The flames sent a stinging tongue through the cab window. Jack instinctively jerked the corner of the canvas over his face. The hot wind tore at him like a breath from a furnace. He smelled the hair singeing on the backs of his hands. The little Irishman crawled close to his legs under the canvas. The dinky and the flats had become a blind rocket rushing down the mountainside.
The dinky rocked and lurched. Jack prayed inside that there might be nothing across the rails. He groaned as he thought of what would happen if a burned tree had fallen to block their way. He hoped that if they failed that he might be utterly destroyed. That would be better for Nellie than having him brought home afterward.
Jack risked a look ahead. The corner of the wet canvas was steaming. In front on either side the blaze was leaping and licking at short growth trees. Beth had been right. Only the fact that this was cutover land, small stuff, might save them. In the heavier timber of the virgin forest they would not have had a chance.
Their rushing speed now was more like the swift dash of an airplane. But a plane could go up. The dinky and the flats could only become a twisted mass of wood and iron if they were ditched. A blast, hotter than all the others, scorched Jack’s face. He got his head under the wet canvas again before he breathed, which was well. One draught of that blaze into his lungs and whether they held the track or plunged into the superheated ground would not have mattered to him.
It seemed like an hour or more they had been tearing along, hemmed in by the blaze. Probably it was no more than a minute, for the swathe of the fire was less than a mile in width. A quick cooler draught struck Jack’s face. He pulled away the canvas. For the first time since leaving the upper level he could see the track ahead. Two snaky rails were running toward him and disappearing under the dinky.
Jack heard the wheels squeal again. The men were striving to set the brakes. Their speed did not seem to lessen perceptibly. He heard a loud snap on one of the flats. A brake chain had parted.

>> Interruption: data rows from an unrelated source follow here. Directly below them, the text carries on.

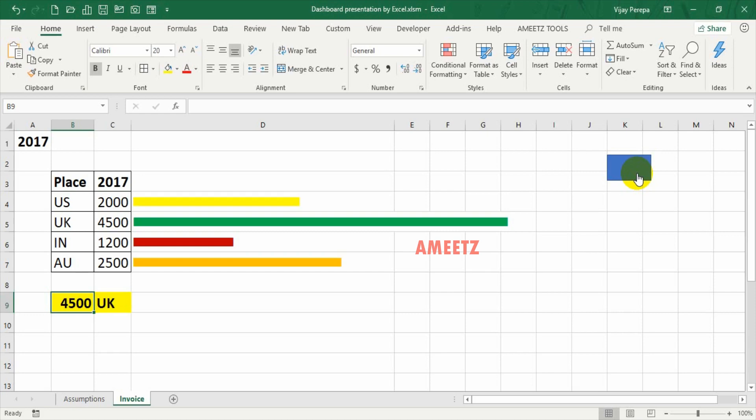Another interesting part here is we have conditional formatting on the chart to adopt colors based on values, like highest is green and lowest is red.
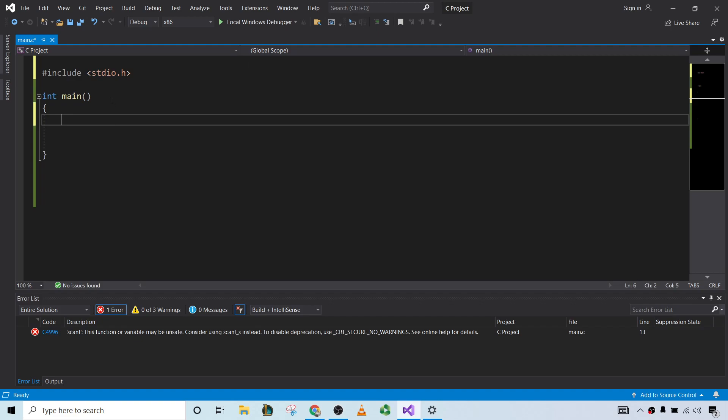Hi, in this video I'm going to show you how to fix an error that you might be getting when you try to use scanf in Visual Studio 2019.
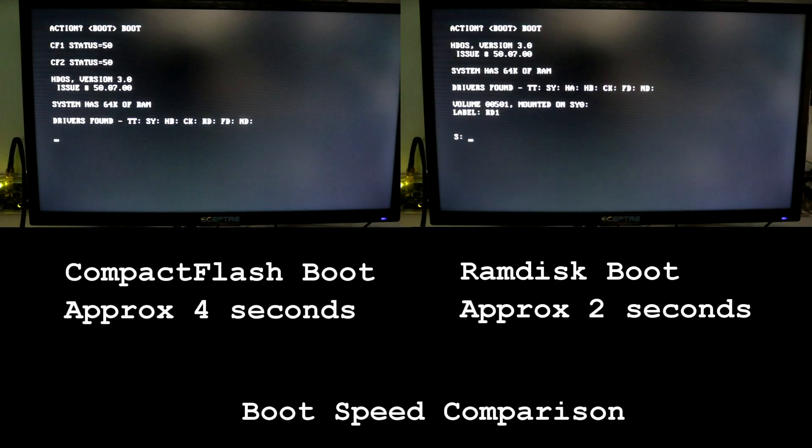Finally, let me leave you with this boot speed comparison. Pause or you'll miss it. Thank you for watching my video. Please visit my website at www.smbaker.com for more electronics projects and sand rail stuff. Bye.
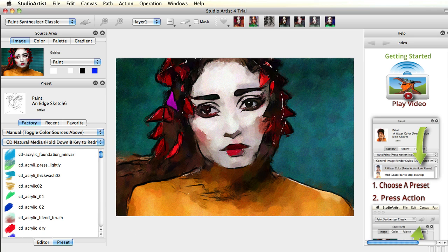To start, we recommend you check out all the presets that ship with the program and see what Studio Artist can do for you.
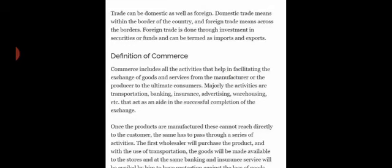Trade can be domestic as well as foreign. Domestic trade means within the borders of a country, and foreign trade means across the borders. Foreign trade is done through investments in securities or funds and can be termed as imports and exports.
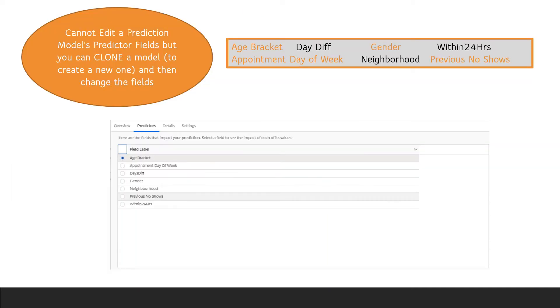This time I used these seven fields listed on the screen. One thing to note is that you cannot edit a prediction model's fields, but you can create a new model.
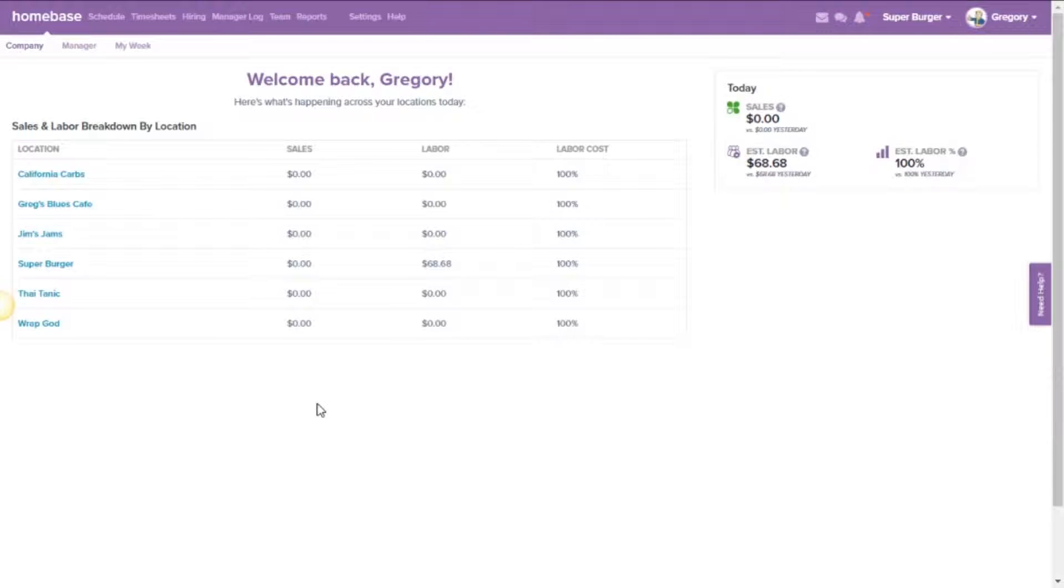Hi! Welcome to Homebase. In this video we're going to be going over the steps on how to view credit tips for your Clover employees.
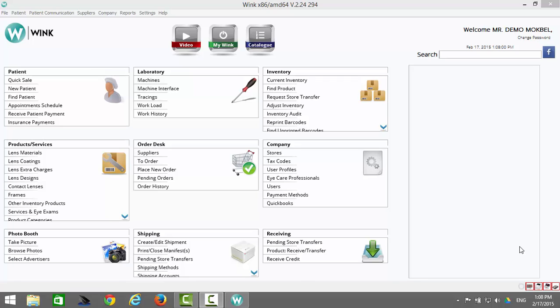And that's it — you're done. You've now completed the Wink installation, registration, and login process.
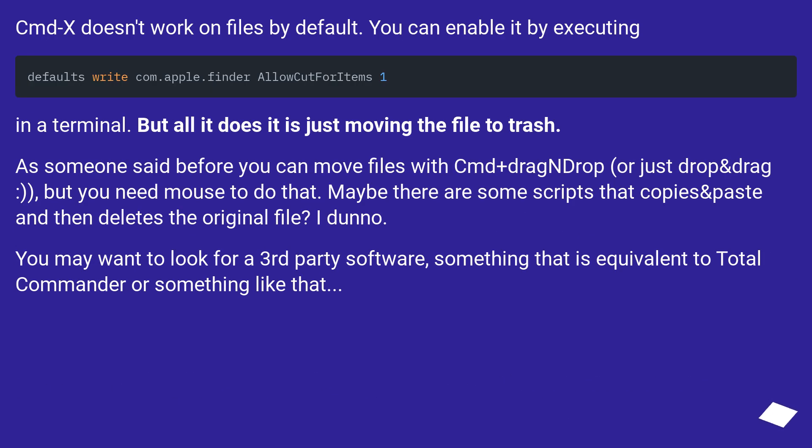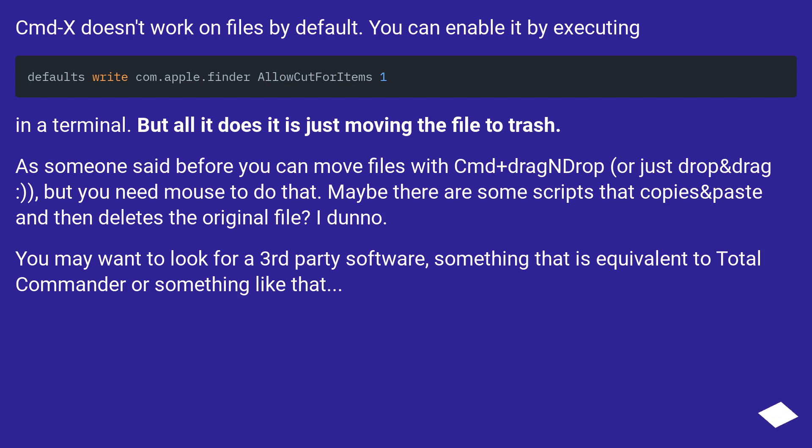Cmd+X doesn't work on files by default. You can enable it by executing a command in terminal, but all it does is just move the file to trash. As someone said before, you can move files with Cmd+drag and drop, but you need mouse to do that. Maybe there are some scripts that copy and paste then delete the original file. You may want to look for third party software, something equivalent to Total Commander or something like that.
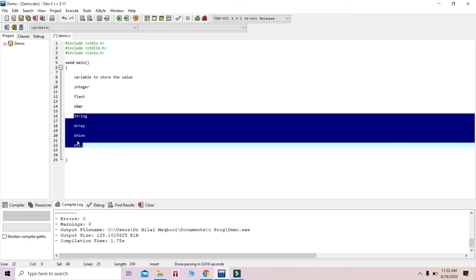Let us understand data types with a real-life example. If somebody belongs to a caste of Sayyid, Qadri, Zargar, or Mir, we are categorizing that this person belongs to the dynasty of Zargar, and this one to the dynasty of Mir. Similarly, when we have some data, we need to check which kind of data type it belongs to — whether it is integer, floating point, or character.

One of the men came crawling over the top of the tender, clinging to the swaying sides.
“We can’t hold ’er!” he shouted. “Don’t try brakin’ th’ dinky—you’ll pile ’er up.”
Curves where the track disappeared shot up the mountain toward them, and miraculously disappeared under the engine and cars just when Jack was sure they would be catapulted into the wall on one side or over the precipice on the other.
“If she holds we kin check ’er on th’ loadin’ pier—gotta mile run there,” said the lumberjack in Jack’s ear.